##### PROVIDED RECORDS #####

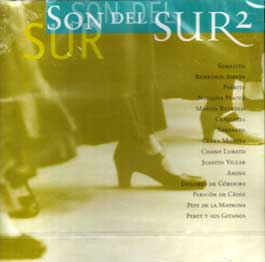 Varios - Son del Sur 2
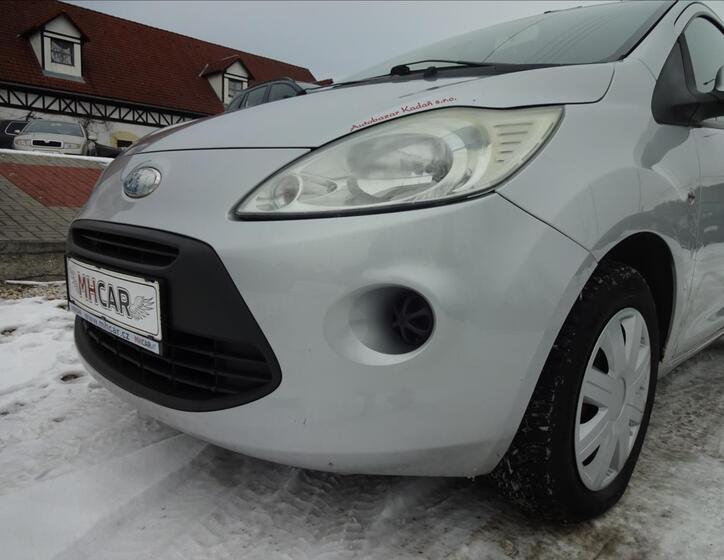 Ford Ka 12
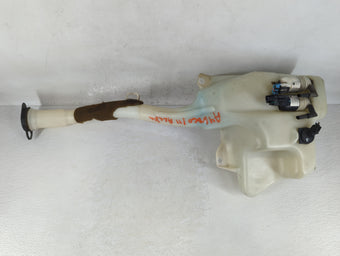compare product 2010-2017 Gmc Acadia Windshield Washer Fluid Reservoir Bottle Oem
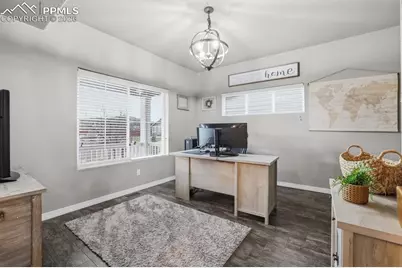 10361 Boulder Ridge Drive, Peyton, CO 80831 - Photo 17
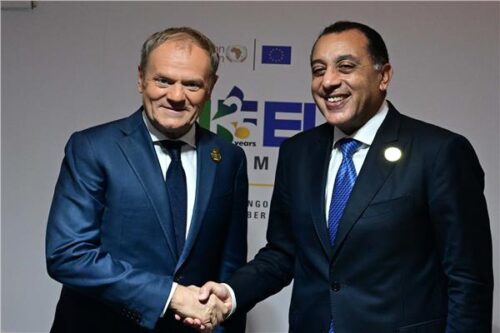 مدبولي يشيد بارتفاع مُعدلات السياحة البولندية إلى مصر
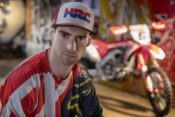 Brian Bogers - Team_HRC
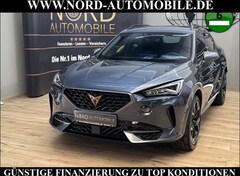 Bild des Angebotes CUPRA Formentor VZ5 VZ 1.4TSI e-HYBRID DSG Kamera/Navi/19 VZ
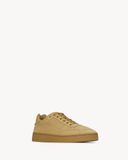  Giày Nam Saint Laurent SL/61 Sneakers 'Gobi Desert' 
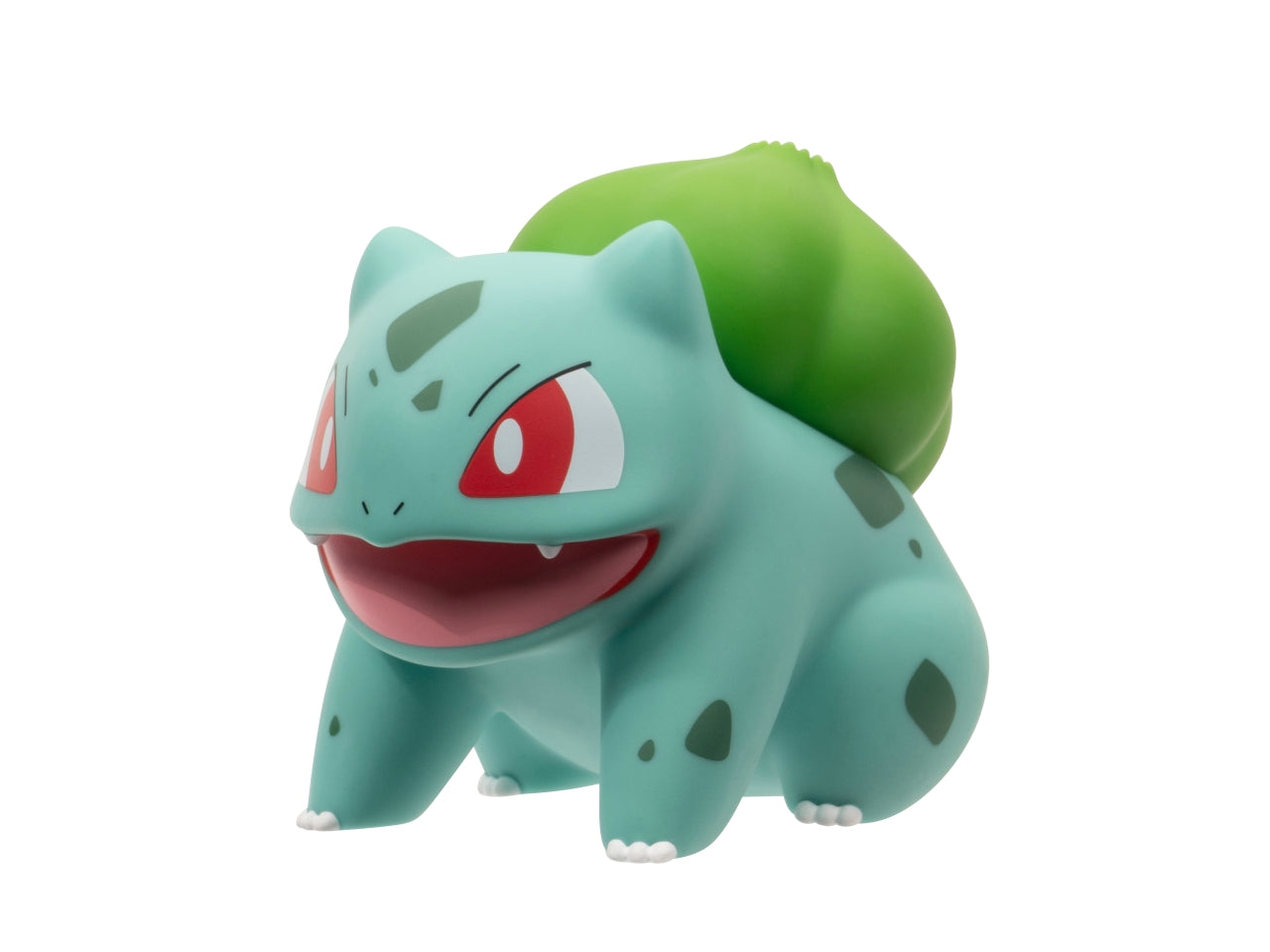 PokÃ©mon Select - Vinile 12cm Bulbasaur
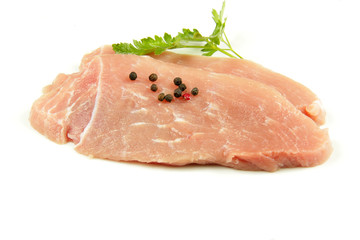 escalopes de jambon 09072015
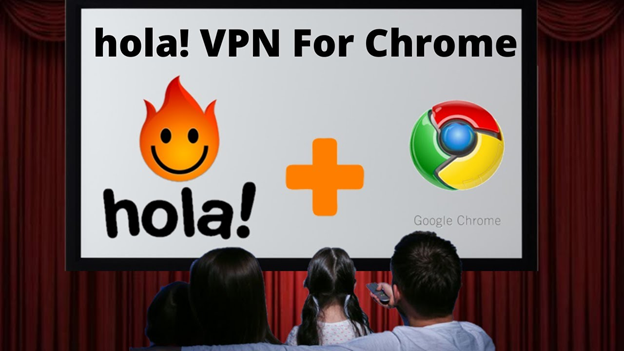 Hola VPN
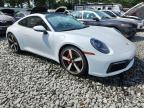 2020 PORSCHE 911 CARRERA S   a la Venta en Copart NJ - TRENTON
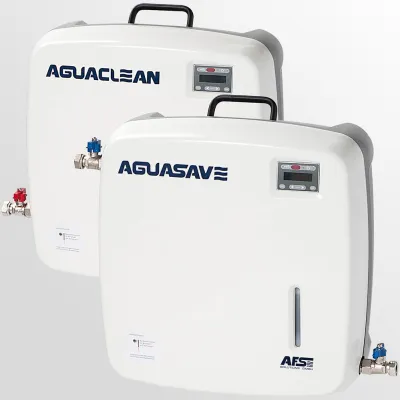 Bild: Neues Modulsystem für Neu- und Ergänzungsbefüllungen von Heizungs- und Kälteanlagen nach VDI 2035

#####

● EXERCISE DIRECTIONS: Go back to the line containing "Brian Bogers - Team_HRC" and output it and every line after it through the end of the records, exactly, but not the pictures.

● WRITTEN REPLY:
 Brian Bogers - Team_HRC
 Bild des Angebotes CUPRA Formentor VZ5 VZ 1.4TSI e-HYBRID DSG Kamera/Navi/19 VZ
  Giày Nam Saint Laurent SL/61 Sneakers 'Gobi Desert' 
 PokÃ©mon Select - Vinile 12cm Bulbasaur
 escalopes de jambon 09072015
 Hola VPN
 2020 PORSCHE 911 CARRERA S   a la Venta en Copart NJ - TRENTON
 Bild: Neues Modulsystem für Neu- und Ergänzungsbefüllungen von Heizungs- und Kälteanlagen nach VDI 2035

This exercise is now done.